* About this task
Reproduce the material that follows, please, but only from its first line to the line containing "Blue and multicolour", inclusive.

====== Record excerpts ======

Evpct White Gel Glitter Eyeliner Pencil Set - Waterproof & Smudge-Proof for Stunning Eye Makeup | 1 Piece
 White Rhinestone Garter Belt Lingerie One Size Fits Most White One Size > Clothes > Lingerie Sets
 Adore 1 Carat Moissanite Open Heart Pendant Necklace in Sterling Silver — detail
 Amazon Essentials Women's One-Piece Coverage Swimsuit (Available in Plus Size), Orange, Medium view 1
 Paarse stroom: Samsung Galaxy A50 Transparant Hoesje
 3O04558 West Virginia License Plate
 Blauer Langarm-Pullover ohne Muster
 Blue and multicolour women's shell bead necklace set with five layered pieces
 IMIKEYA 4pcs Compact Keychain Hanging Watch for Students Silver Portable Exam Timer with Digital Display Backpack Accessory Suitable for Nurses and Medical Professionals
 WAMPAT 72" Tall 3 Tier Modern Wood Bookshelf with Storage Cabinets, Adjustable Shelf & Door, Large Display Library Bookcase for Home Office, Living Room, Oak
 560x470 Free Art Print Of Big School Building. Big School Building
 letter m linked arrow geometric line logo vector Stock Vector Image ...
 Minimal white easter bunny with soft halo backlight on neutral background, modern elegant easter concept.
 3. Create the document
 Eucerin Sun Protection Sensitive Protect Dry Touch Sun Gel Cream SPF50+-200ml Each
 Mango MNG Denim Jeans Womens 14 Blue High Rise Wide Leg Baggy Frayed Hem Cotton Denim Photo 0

======

* Result for this exercise
Evpct White Gel Glitter Eyeliner Pencil Set - Waterproof & Smudge-Proof for Stunning Eye Makeup | 1 Piece
 White Rhinestone Garter Belt Lingerie One Size Fits Most White One Size > Clothes > Lingerie Sets
 Adore 1 Carat Moissanite Open Heart Pendant Necklace in Sterling Silver — detail
 Amazon Essentials Women's One-Piece Coverage Swimsuit (Available in Plus Size), Orange, Medium view 1
 Paarse stroom: Samsung Galaxy A50 Transparant Hoesje
 3O04558 West Virginia License Plate
 Blauer Langarm-Pullover ohne Muster
 Blue and multicolour women's shell bead necklace set with five layered pieces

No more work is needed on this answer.